For Slade and rapidly growing Nitro Mobile Solutions, offering company perks — like the foosball table — help promote creativity and maintain a culture of innovation.
The key to getting hired at Nitro Mobile Solutions — and being successful with the tech firm — is passion. Slade looks for people who would be doing exactly what they're doing, no matter what.
“I would be doing what I'm doing now either way,” he says. “Luckily, there's money in tech. But it's like being a starving artist. We want people who feel that way.”
Specifically, Slade wants to know what candidates are working on, excluding any projects related to school or their current job. “If they're in it because they love it, they'll be working on something on their own.”
So far, as shown by the significant year-over-year jumps in revenue, Nitro has been able to find the right people. Hall, who has more than 30 years of experience in business processes and operations, says a true sense of universal communication at Nitro stands out to him. He says people respond to each other and share ideas at all hours, seven days a week, even though they aren't required to work nights.

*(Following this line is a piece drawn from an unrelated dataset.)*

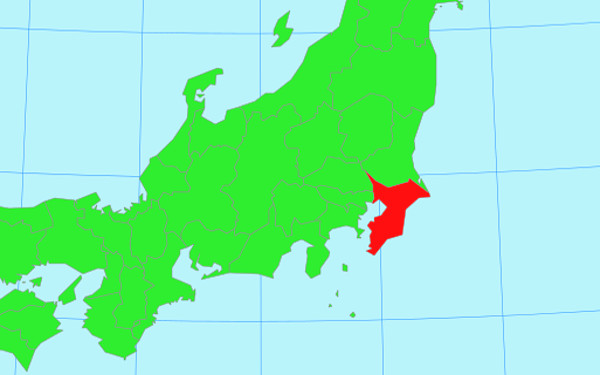 日本地図の画像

But finding people is still the company's biggest challenge. Molly Slade, Nitro's vice president of operations and Pete Slade's wife, says it is currently looking to fill 10 open positions.

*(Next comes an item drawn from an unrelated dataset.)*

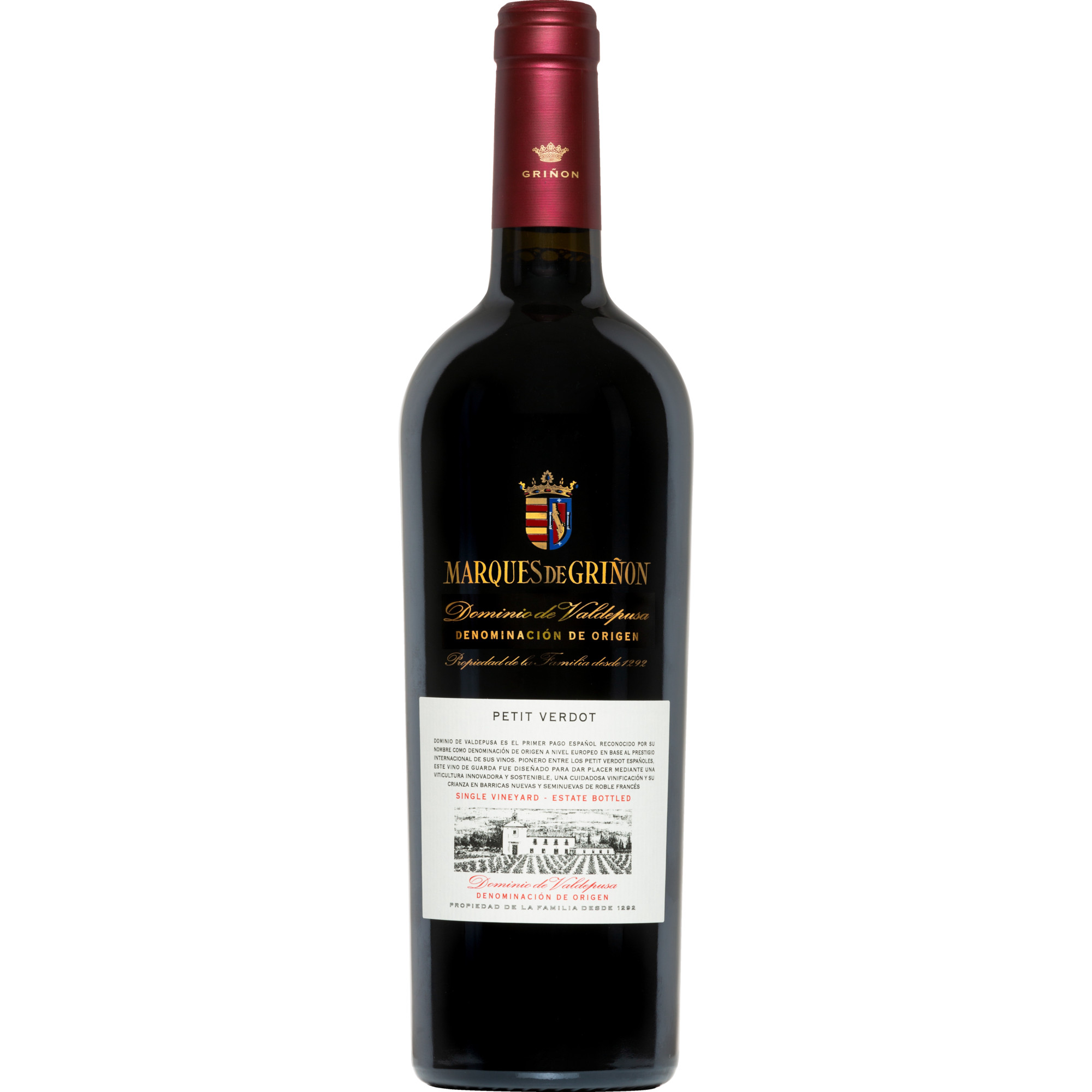 Dominio de Valdepusa Petit Verdot, Vino de Pago Dominio de Valdepusa, Dominio de Valdepusa, 2020, Rotwein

She goes through at least 50 resumes per day.
“We joke that we're looking for unicorns,” Pete Slade says.
Slade has a list of out-of-the-ordinary questions, which he declines to share, that he asks candidates to put them in an uncomfortable situation or to test their critical thinking skills. And during the interview process, any one person has veto power.
Keeping it cool
Nitro's move to a new central office, located at 501 E. Kennedy Blvd. in Tampa, was part of a strategic effort by Slade. The 9,000-square-foot office, three times the size of its previous location, isn't fully occupied by Nitro and will accommodate future growth.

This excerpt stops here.